(Short text fragments from websites)

"""

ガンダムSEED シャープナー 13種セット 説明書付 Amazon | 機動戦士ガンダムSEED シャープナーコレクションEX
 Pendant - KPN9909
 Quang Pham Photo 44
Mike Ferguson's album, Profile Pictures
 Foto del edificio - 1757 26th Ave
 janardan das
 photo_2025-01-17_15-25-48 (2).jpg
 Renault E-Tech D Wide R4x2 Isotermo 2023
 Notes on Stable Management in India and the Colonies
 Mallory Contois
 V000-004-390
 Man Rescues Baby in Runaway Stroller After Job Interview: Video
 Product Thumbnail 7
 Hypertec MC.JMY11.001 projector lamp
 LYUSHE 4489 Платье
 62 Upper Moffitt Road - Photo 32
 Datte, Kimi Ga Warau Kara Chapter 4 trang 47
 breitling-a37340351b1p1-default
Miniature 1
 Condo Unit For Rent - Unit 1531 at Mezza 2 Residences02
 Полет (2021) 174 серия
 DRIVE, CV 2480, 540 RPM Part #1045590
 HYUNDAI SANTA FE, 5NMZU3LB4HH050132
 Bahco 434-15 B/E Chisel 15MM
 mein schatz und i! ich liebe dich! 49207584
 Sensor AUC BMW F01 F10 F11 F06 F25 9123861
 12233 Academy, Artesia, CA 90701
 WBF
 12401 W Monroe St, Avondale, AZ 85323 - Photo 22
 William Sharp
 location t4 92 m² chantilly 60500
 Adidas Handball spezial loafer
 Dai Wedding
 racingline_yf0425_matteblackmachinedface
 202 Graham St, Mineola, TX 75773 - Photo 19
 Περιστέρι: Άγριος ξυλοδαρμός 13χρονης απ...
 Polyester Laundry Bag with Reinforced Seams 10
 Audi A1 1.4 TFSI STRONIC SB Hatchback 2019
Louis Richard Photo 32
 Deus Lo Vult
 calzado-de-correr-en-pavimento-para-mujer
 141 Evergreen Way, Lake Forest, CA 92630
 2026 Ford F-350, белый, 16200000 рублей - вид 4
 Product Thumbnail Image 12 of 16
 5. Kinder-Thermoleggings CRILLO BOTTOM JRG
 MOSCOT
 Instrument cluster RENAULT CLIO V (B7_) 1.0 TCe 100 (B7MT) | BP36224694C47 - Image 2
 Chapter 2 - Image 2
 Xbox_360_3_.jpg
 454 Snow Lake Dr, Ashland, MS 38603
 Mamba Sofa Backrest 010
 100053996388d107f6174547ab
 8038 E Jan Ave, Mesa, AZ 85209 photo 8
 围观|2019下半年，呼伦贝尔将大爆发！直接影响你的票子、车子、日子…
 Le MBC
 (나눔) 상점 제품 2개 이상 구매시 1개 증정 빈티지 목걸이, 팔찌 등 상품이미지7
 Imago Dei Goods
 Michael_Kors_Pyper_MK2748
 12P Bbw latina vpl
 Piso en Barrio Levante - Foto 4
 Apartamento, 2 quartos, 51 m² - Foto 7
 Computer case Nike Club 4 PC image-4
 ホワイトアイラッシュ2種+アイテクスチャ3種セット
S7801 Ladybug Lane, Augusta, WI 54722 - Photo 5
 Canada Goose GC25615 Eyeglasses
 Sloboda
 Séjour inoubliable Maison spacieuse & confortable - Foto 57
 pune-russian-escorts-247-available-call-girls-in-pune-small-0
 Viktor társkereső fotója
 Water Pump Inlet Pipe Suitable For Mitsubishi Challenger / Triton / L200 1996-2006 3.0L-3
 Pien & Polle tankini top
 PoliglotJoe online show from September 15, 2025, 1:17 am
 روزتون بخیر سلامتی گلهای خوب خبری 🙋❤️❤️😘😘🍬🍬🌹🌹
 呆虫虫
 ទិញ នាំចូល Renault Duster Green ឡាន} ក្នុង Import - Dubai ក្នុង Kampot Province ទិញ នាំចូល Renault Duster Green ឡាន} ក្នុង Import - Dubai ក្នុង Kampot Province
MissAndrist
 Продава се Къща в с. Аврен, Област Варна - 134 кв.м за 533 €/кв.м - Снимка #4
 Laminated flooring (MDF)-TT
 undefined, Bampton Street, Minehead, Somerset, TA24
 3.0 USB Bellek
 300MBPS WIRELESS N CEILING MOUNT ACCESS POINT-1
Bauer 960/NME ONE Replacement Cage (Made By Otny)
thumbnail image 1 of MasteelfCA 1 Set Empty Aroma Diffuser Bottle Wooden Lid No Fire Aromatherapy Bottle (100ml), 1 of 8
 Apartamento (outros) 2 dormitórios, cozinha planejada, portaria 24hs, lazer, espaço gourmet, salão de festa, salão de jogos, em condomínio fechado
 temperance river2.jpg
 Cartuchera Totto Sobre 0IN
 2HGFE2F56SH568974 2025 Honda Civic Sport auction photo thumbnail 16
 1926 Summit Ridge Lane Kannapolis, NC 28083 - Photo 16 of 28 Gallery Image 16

"""

REQUIREMENT
Keep only those lines of the records that hold "Foto", and return them.

RESPONSE TO THE TASK
 Foto del edificio - 1757 26th Ave
 Piso en Barrio Levante - Foto 4
 Apartamento, 2 quartos, 51 m² - Foto 7
 Séjour inoubliable Maison spacieuse & confortable - Foto 57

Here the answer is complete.